The mAP@0.5 represents the area under the precision-recall curve, where a higher value indicates superior detection accuracy. The intersection over union (IoU) means a ratio between intersecting and combined area of bounding boxes. An aircraft was detected when the IoU between the predicted bounding box and the ground truth bounding box was over 0.5. Gmean is calculated as the square root of the product of sensitivity and specificity, which is advantageous for evaluating classification accuracy in the presence of data imbalance. Therefore, by employing both mAP@0.5 and Gmean, detection accuracy and moving target identification accuracy were quantitatively evaluated.

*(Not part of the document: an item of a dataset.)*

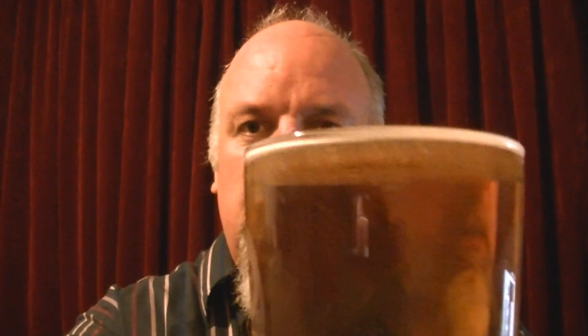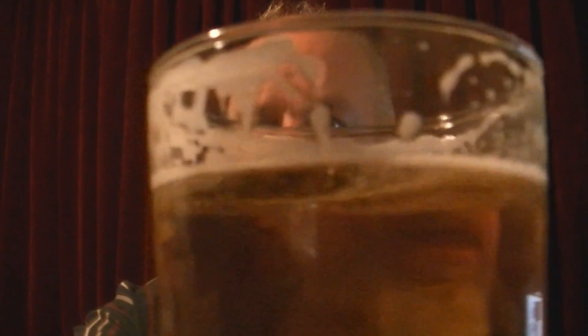Hello and welcome to Beard Goggles Reviews Pint Size Bits. When you get your pint, it's filled up to the top. If I pour an inch out of the top of that...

Quantitative comparisons were conducted regarding aircraft detection accuracy and identification of moving targets. In order to compare the effectiveness of the proposed method, two different experiments were performed. In the first case, the deep learning model was trained to discriminate two classes of aircraft: stationary and moving. In the second case, the model predicted a single class of aircraft integrating the aforementioned classes, followed by applying our proposed identification algorithm based on sub-aperture and cosine similarity. If the training data for moving aircraft were scarce and constructing such datasets was also challenging, the deep learning-based method could show unsatisfactory performance on account of not extracting patterns in that case. Compared to the deep learning method, the proposed algorithm is expected to work well in restricted circumstances.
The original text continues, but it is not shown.